Por más capturada que estuviera la concurrencia por lo dramático de la escena y por los brillos tornasolados del vestuario de Roybet contrastando con las magníficas acuarelas de Ziem que Porel había utilizado como decorado, todos los ojos, todos los lentes apuntaron hacia el señalado palco, y la frágil criatura de palidez espectral, ya acodada sobre el terciopelo rojo de la barandilla, reflejó las miradas de hombres y mujeres de pronto fijas en ella.

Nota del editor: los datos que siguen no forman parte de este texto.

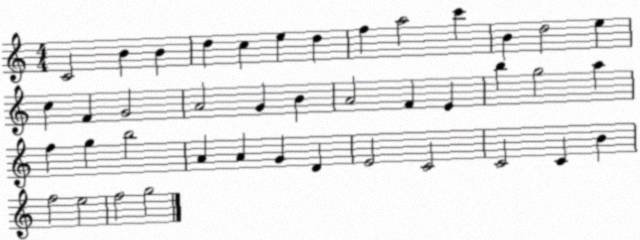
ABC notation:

X:1
T:Untitled
M:4/4
L:1/4
K:C
C2 B B d c e d f a2 c' B d2 e c F G2 A2 G B A2 F E b g2 a f g b2 A A G D E2 C2 C2 C B f2 e2 f2 g2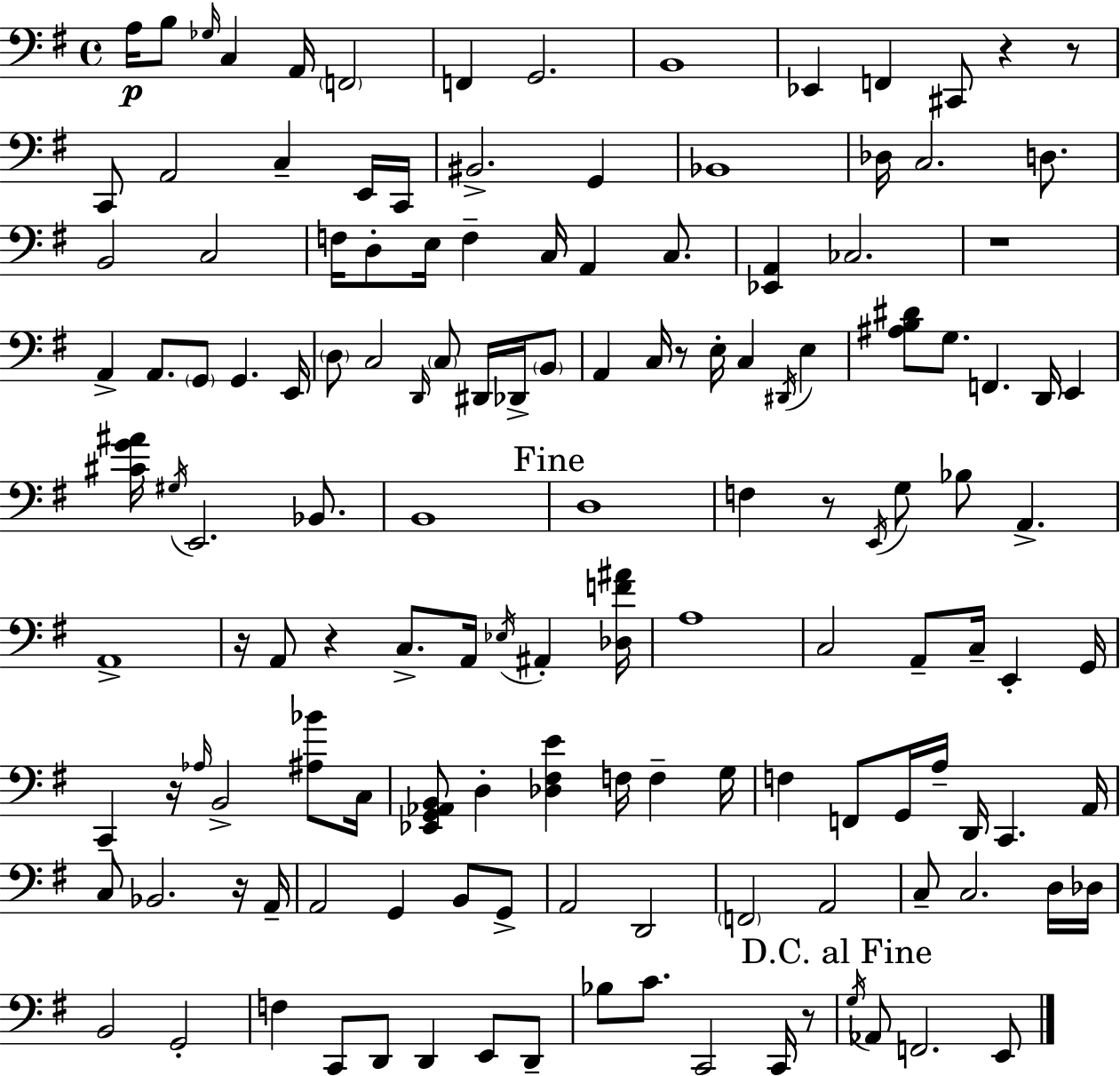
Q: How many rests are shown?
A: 10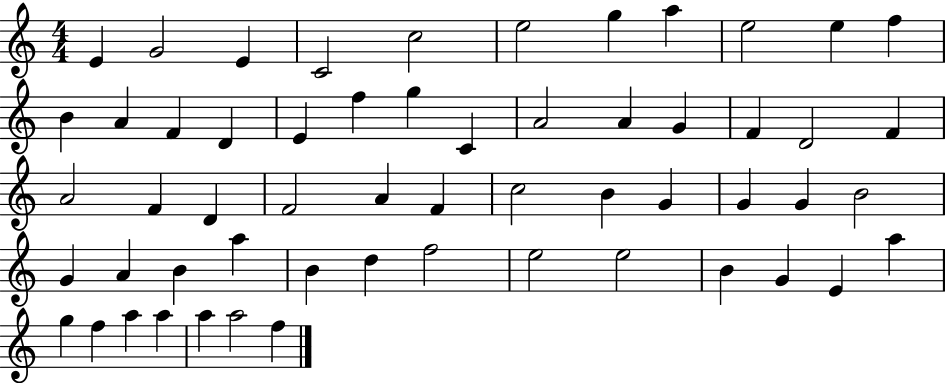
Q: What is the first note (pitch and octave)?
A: E4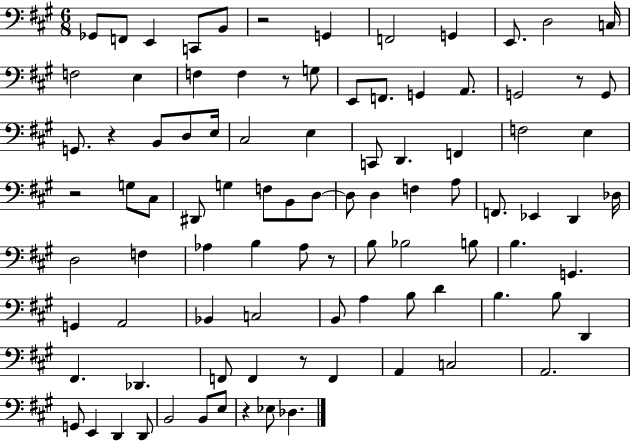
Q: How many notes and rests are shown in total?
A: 94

De su rostro desgarbado en forma de óvalo, de expresión lánguida y acongojada, eran particularmente perturbadores los ojos grandes, de un color ultramarino casi negro, dolorosamente ardientes en sus ojeras azuladas y mortecinas teñidas de nácar; la fina nariz vibraba y jadeaba como en una atmósfera enrarecida, insuficiente para respirar. Con el abanico de plumas contra el pecho chato como una tabla, la mujer mordía cada tanto la carne llameante y purpurina de sus labios, hasta hacerlos sangrar con la punta de sus dientes, chispas de esmalte recortadas sobre la boca escarlata.
A su lado se sentó un hombre alto, robusto, de buen porte, en todo el vigor de su edad, muy correcto con el largo cordón de sus lentes en muaré negro atravesándole de lado a lado el chaleco de noche blanco, atuendo de clubman harto de los preceptos de elegancia del duque de Sagan. Se inclinaba sobre la endeble mujer de tez nívea, le hablaba al oído y le ofrecía una caja forrada en seda con violetas acarameladas de Parma, que ella picoteaba con agobio, sonriendo a medias.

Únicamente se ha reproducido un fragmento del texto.